= List of Indian agencies in Nebraska =

Several Indian agencies were established in the nineteenth century in the U.S. State of Nebraska and operated by the United States Bureau of Indian Affairs to serve Native American tribes.

== Red Cloud Agency ==

The United States established Fort Robinson nearby in 1874 to protect the agency, established to serve the Oglala Lakota Sioux. The agency was named after the chief Red Cloud.

== Spotted Tail Agency ==

When the agency was established in 1873, the Brulé Sioux moved to this location overlooking Beaver Creek, near present-day Hay Springs. The agency built storehouses, an issue building, a carpentry shop, a sawmill, stables, and other structures to serve the Sioux community. Camp Sheridan was established in 1874 to guard the agency, with permanent facilities built in 1875, including over thirty frame and brick structures. Following removal of the Brulé to the Rosebud Agency (later the Rosebud Indian Reservation) in South Dakota, activity declined and the US abandoned Camp Sheridan in 1880.

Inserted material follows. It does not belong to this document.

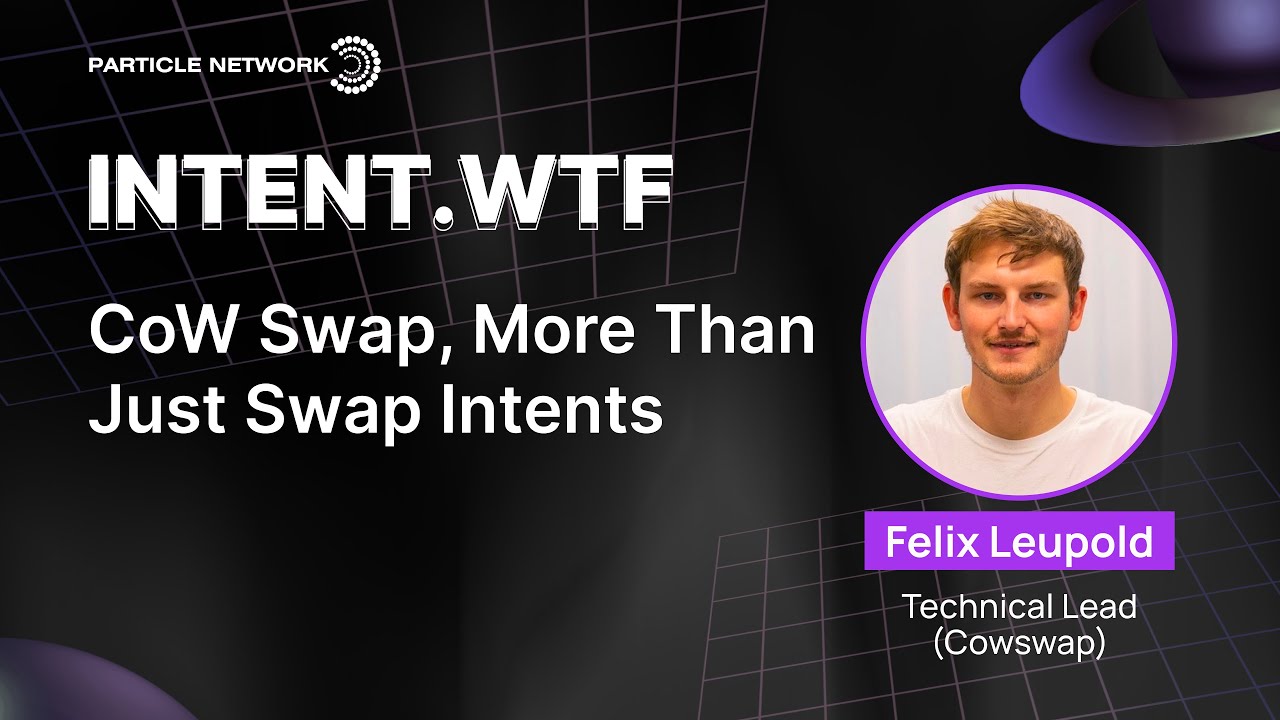 Cowswap Technical Lead Felix Leupold on Advancing Beyond Swap Intents | intent.wtf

== Missouri River Indian Agency ==

Located at Fontenelle's Post, a former fur trading post, the Missouri River Indian Agency was also called the Upper Missouri Agency, the Bellevue Agency, and the Council Bluffs Agency. The Upper Missouri Agency, established in 1819, had responsibility for all the Indians living in a very large area of the Northern Plains of the United States along the Missouri River. The exact boundaries of its jurisdiction were not defined.
It was re-established in 1837 for the Otoe, Missouria, Omaha, and Pawnee, who were some of the Native American peoples previously assigned to the Upper Missouri Agency. Between 1849 and 1851, the Council Bluffs Agency was reduced to a subagency and was discontinued in 1856, after the Omaha ceded their lands by treaty and moved on to their reservation in northeast Nebraska.

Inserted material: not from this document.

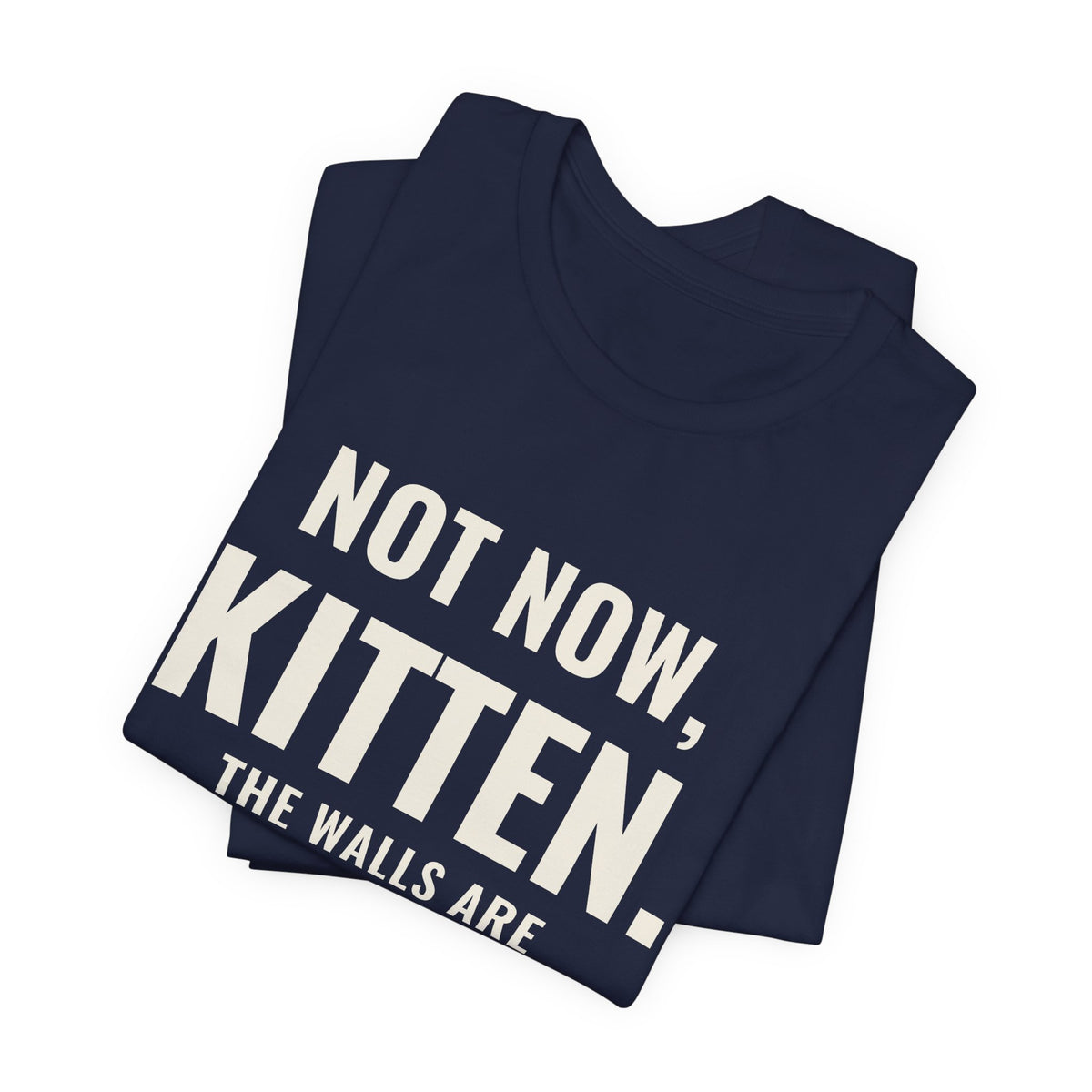 Not Now Kitten, The Walls Are Closing In On Daddy Tee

Its agents were John Dougherty, serving from April 13, 1837-1839; Joseph V. Hamilton, serving from June 27, 1839-1841; Daniel Miller, from October 22, 1841; Jonathan Bean, from July 25, 1845-1846; John Miller from July 22, 1846-1849; John E. Barrow, a subagent, from April 13, 1849-1851; John E. Barrow from June 30, 1851-1853; James M. Gatewood from April 18, 1853-1854; and George Hepner May 19, 1854.

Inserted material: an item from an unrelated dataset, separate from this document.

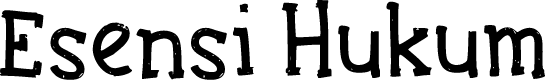 Esensi Hukum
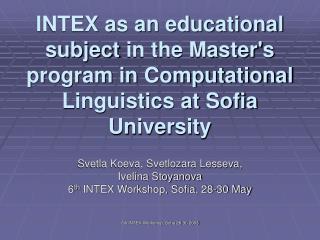 Svetla Koeva, Svetlozara Lesseva, Ivelina Stoyanova 6 th INTEX Workshop, Sofia, 28-30 May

James Gatewood worked with a council of 60 Omaha chiefs in early 1854 to draft a treaty for their cession of most of their land in the area. The national office of the BIA did not like his version and forced many changes when a smaller Omaha delegation of seven chiefs, chosen by their people, and an interpreter, went to Washington DC for signing of the treaty in 1854. The BIA replaced Gatewood as agent.

== Otoe Agency ==

Founded in 1856, in the Blue River Valley in southern Nebraska, this agency was responsible for the Oto, Missouria, and Pawnee of the region. In 1859, the Pawnee received their own agent.

The Otoe and Missouria moved to the Kansas-Nebraska border. In 1881, the Otoe Agency moved to Red Rock in Indian Territory, when the US removed the Otoe-Missouria to that area for settlement on a reservation. Its agents included Jesse W. Griest, serving from April 1, 1873; Robert S. Gardner from June 16, 1880; and Lewellyn E. Woodin from July 21, 1880.

== Santee Agency ==

Moved from Michigan Territory in 1866, this agency was located on the Niobrara Reservation in what became northeast Nebraska. It was responsible for the Santee Sioux, also formerly known as Eastern Dakota.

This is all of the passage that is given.